→ **WORK ITEM**: The records should be restated exactly from their first line through the line with "Imagen del producto" in it.

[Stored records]
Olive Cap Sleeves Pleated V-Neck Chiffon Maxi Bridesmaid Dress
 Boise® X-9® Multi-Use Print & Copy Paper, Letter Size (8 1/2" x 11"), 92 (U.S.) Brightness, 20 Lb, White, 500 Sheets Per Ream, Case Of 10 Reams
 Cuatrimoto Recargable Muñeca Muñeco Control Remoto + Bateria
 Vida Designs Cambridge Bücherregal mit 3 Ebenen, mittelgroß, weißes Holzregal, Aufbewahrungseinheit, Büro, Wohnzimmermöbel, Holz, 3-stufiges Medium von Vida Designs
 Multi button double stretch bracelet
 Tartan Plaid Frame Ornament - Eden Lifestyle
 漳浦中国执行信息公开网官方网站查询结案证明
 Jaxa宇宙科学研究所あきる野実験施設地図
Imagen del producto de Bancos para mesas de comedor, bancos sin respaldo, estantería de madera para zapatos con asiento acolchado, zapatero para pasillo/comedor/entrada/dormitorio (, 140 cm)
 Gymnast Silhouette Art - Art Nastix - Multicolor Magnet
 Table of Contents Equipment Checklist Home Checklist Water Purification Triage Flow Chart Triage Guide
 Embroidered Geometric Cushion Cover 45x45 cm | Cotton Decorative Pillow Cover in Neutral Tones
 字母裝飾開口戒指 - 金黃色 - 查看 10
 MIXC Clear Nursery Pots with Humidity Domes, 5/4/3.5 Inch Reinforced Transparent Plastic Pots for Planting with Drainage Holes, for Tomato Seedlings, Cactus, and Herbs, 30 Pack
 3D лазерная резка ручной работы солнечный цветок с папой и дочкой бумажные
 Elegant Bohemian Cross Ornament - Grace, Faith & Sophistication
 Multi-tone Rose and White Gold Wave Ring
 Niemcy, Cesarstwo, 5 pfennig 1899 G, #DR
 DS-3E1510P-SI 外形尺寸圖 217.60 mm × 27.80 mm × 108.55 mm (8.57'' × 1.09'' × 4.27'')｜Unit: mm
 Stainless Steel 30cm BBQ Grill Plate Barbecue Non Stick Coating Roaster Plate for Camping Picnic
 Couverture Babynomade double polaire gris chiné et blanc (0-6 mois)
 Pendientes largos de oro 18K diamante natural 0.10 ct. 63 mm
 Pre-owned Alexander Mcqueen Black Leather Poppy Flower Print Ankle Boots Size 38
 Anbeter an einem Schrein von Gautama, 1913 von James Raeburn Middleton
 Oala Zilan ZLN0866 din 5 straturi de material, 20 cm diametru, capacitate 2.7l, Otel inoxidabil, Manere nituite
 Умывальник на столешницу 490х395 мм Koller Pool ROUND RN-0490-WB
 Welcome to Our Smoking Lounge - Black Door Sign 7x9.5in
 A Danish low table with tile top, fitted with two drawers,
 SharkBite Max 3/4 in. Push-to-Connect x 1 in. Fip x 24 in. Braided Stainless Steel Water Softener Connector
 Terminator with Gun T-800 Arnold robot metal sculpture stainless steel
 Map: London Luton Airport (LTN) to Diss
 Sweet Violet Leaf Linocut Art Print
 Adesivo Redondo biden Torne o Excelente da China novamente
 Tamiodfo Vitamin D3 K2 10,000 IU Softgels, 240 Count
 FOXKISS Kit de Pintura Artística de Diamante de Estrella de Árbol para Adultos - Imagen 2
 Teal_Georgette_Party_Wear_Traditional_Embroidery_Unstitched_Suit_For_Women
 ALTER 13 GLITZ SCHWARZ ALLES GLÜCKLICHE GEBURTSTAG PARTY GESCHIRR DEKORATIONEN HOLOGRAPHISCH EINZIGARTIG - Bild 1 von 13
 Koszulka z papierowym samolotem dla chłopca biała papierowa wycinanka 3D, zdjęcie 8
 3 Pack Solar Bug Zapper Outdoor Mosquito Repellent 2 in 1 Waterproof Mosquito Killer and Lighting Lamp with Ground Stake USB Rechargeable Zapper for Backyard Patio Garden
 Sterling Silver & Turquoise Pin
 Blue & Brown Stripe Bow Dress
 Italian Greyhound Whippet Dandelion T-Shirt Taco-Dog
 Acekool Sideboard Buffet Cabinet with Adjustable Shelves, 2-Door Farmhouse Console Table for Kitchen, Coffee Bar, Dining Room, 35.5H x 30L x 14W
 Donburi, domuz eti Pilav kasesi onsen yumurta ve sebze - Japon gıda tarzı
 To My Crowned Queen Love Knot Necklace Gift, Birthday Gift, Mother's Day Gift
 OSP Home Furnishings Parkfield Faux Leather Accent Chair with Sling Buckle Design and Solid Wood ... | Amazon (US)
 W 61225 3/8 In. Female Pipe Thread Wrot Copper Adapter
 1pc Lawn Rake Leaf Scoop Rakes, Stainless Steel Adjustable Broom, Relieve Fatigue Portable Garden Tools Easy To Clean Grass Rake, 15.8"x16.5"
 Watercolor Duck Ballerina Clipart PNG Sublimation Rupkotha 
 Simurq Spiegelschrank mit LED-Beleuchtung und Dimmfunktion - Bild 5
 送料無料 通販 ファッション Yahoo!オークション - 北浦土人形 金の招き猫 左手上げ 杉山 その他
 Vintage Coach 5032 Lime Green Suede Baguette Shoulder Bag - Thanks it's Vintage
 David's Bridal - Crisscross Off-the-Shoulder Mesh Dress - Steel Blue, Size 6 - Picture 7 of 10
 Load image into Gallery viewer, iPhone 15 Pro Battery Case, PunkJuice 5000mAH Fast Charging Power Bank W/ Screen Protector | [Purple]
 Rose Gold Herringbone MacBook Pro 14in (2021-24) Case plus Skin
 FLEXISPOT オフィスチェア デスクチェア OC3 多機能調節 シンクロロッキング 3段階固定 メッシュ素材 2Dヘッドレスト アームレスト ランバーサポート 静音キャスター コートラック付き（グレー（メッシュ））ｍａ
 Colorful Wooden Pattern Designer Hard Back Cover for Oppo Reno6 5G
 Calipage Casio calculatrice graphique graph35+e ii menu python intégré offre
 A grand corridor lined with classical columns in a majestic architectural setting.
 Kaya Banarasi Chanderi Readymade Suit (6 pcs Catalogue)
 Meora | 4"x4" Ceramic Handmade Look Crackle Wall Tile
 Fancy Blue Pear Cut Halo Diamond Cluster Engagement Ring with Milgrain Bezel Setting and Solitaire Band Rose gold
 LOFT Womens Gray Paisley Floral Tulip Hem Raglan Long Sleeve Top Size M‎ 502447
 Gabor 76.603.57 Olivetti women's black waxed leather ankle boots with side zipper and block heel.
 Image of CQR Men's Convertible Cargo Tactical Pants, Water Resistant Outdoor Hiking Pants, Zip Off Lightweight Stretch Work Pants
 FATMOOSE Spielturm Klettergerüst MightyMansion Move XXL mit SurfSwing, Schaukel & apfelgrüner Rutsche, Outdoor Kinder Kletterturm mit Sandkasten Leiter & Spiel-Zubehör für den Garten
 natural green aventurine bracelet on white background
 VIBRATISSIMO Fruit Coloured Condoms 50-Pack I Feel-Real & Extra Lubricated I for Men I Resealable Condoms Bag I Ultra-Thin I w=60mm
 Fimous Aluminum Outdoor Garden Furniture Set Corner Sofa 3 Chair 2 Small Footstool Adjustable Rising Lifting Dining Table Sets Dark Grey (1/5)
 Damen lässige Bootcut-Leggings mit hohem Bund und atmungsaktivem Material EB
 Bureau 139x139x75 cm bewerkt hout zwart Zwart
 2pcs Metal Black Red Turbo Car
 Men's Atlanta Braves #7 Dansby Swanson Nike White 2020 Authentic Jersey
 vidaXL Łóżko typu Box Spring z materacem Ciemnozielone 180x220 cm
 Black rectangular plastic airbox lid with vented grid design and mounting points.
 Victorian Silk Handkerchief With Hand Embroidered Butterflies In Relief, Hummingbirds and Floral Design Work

→ **RESPONSE FOR THIS EXERCISE**:
Olive Cap Sleeves Pleated V-Neck Chiffon Maxi Bridesmaid Dress
 Boise® X-9® Multi-Use Print & Copy Paper, Letter Size (8 1/2" x 11"), 92 (U.S.) Brightness, 20 Lb, White, 500 Sheets Per Ream, Case Of 10 Reams
 Cuatrimoto Recargable Muñeca Muñeco Control Remoto + Bateria
 Vida Designs Cambridge Bücherregal mit 3 Ebenen, mittelgroß, weißes Holzregal, Aufbewahrungseinheit, Büro, Wohnzimmermöbel, Holz, 3-stufiges Medium von Vida Designs
 Multi button double stretch bracelet
 Tartan Plaid Frame Ornament - Eden Lifestyle
 漳浦中国执行信息公开网官方网站查询结案证明
 Jaxa宇宙科学研究所あきる野実験施設地図
Imagen del producto de Bancos para mesas de comedor, bancos sin respaldo, estantería de madera para zapatos con asiento acolchado, zapatero para pasillo/comedor/entrada/dormitorio (, 140 cm)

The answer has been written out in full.